I've found a lovely dress on eBay: 
https://pages.ebay.com/link/?nav=item.view&id=190858511500
But at £90 it just sounds a little too good to be true!

Does anyone have any experience of buying a wedding dress from China? How did it look? Would you recommend it?

I'm very very tempted as I'm picky about styles but LOVE this! And also on a budget. (aren't we all!:haha:)

Thanks


----------



## missk1989

I didnt get my wedding dress but did get my bridemaid dresses and my sister got her prom dress from china too. All really good quality and look great.


----------



## kittiecat

it's a risk. I've heard good and bad things about buying dresses from china. This is my 2nd time planning our wedding (we had to cancel our first one :() and for the first one I ordered a dress from china but having this time been and tried on dresses and ordered one from a bridal shop I do notice the difference. Just be prepared that the quality may not be AS good as from a proper bridal shop and that it may not look exactly like the pics either as they are just trying to copy designs basically. But my OH's cousin got her wedding dress off ebay from china and loved it so it is a bit of a gamble but if you are happy with the dress when it arrives then it's a gamble that will pay off!


----------



## joeybrooks

I agree that it is a risk and I too have heard both good things and bad things, but I suppose it depends on the reviews of that particular seller. I too am on a very tight budget and a tip someone gave me was to go into the wedding dress shops and ask to see the bridesmaid dresses that are available in ivory.
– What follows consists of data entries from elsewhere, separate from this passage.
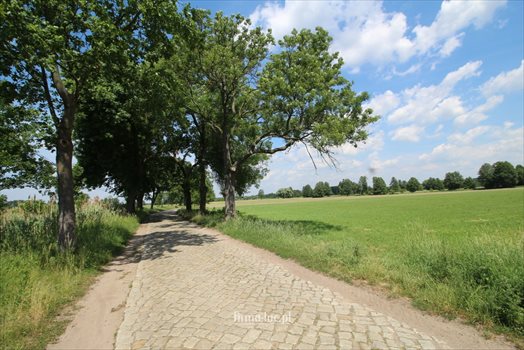 Działka budowlana na sprzedaż Gościnowo 1 688m2 Foto 1
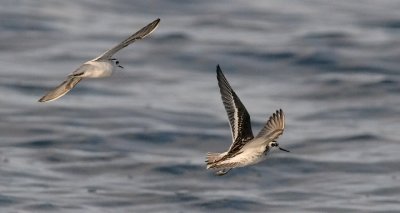 Red-necked Phalaropes (#2 of 2)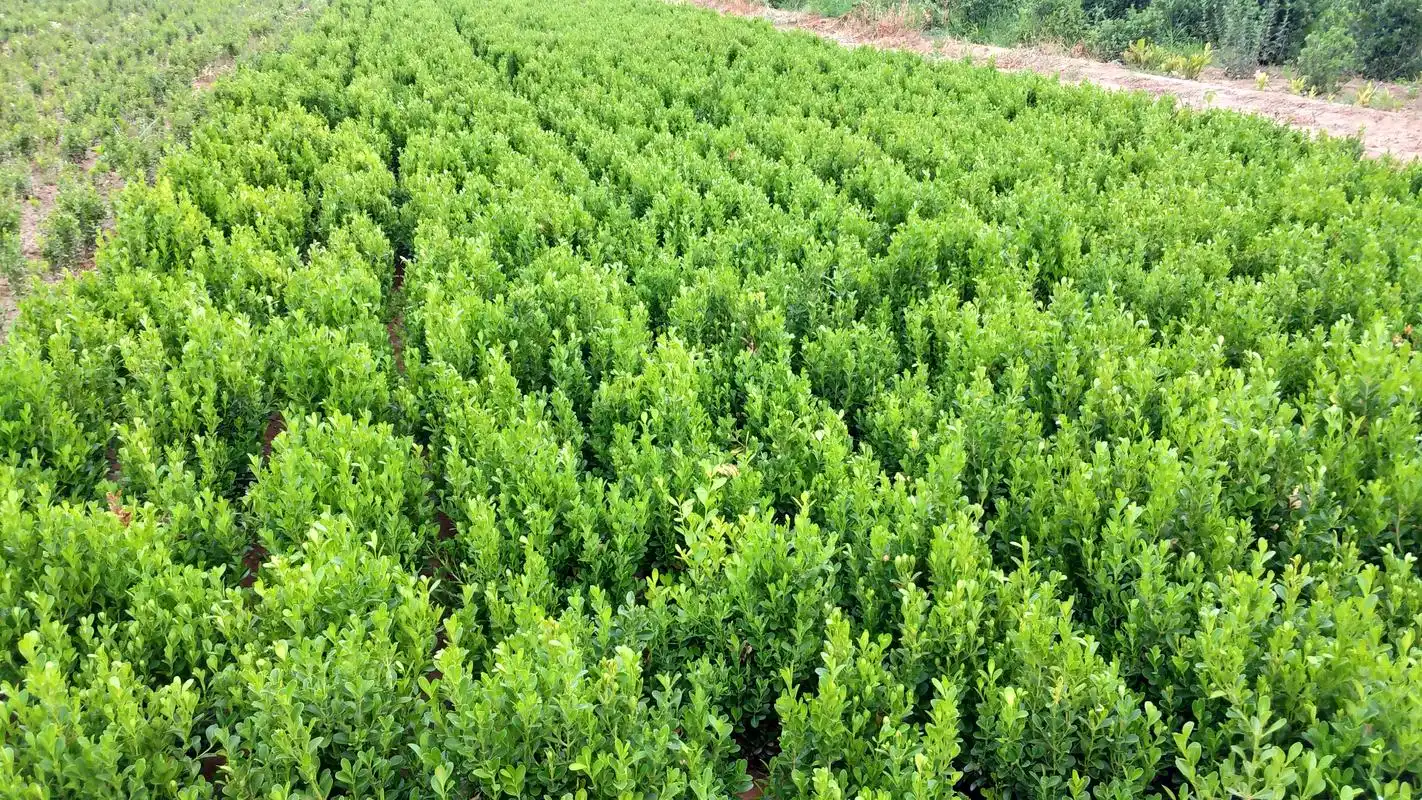 小叶黄杨高40至60公分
They are still more expensive than the dresses from china (around £200) but you are getting it from a reputable source and can have it altered to fit you perfectly. However, I wouldnt totally dismiss the china dresses, if I hadnt found my dream dress for a great price, I might have considered it.


----------



## kittiecat

also ask to look at the sale rack of bridal shops! Cause they had some that were way reduced in the shops I went to and yes you are buying the sample but once it's been altered and dry cleaned it's as good as new! I tried on a few sale ones but it happened that the dress I loved wasn't one of those.


----------



## mummymunch

I was scammed when i bought mine from ebay and i did loads of research! So just be extra careful!


----------



## kittiecat

Also check out a fb page called Brides Beware which shows examples of people being scammed and some of them are horrendous. It really put me off taking the risk tbh. I do firmly believe you get what you pay for with these things and if you opt for an eBay dress you have to be prepared to sacrifice on quality x


----------



## Kizzy454

I got my dress from Jen Jen House and it has come down and is perfect. but there is the risk. look at reviews and even email the seller and ask questions xx


----------



## chysantheMUM

I got mine from ebay for £90 and I'm very pleased with it. I went round a few bridal shops before and tried on about 20 dresses in total ranging from £500 - £2000 in price and each time I left the shops feeling underwhelmed (I didn't like the fabric or the neckline or the way they hung or whatever) but from the second I tried on my cheapo ebay dress I loved it :) I know a lot of people have had bad experiences and perhaps others could pick faults in mine if they tried but I honestly don't believe the dresses in the bridal shops were any better. Just my opinion, so I'd say give it a go but make sure you read all the sellers reviews first. My seller didn't have any negative feedback regarding quality of their products, so I took a chance and thankfully it paid off.


----------



## Tiff

I've heard good and bad things as well. :flower:

I've known people to use their local Facebook swap n' buy to get dresses for super inexpensive, or doing "off the rack" which is a massive discount. :hugs:


----------



## LMcCorkindale

I was looking for the wedding dresses for my sister's wedding and found a great list of advice here. Thanks all.


----------



## chloehibner

Try amazon. Another option.


----------



## rebeccalouise

Angel, when are you getting married? It must be very close to when I am! 
I looked at China wedding dresses, never dared to order one though after seeing a few horror stories! I ended up getting mine from a local bridal shop. :) x


----------



## AngelofTroy

Ours is 11th April! I didn't get a dress from China in the end.


----------



## rebeccalouise

ours is the 4th! have you sorted everything? I can't believe how quickly it has all come around! :D so exciting! :happydance: x


----------



## AngelofTroy

Wow very close! I can't believe it either, we're nearly there now I think but quick very busy with organising. I definitely thought it would all be sorted by now!!


----------



## kittiecat

I'm 25th April & time feels like it's flying by! I'm definitely in panic mode now! :lol:


----------



## MyGirlDress

Why would you want to order from china ? suppose you shipped a dress from china in case come out size issue or other so for return it will take time better buy from nearest online store many store near around UK, USA where dresses are available in discounted price.


----------



## pinkribbon

I personally would never get one from China... My friend did and it looked nothing like the picture and even ripped a week before the wedding. She had to go all out finding a new one at a week's notice!!


----------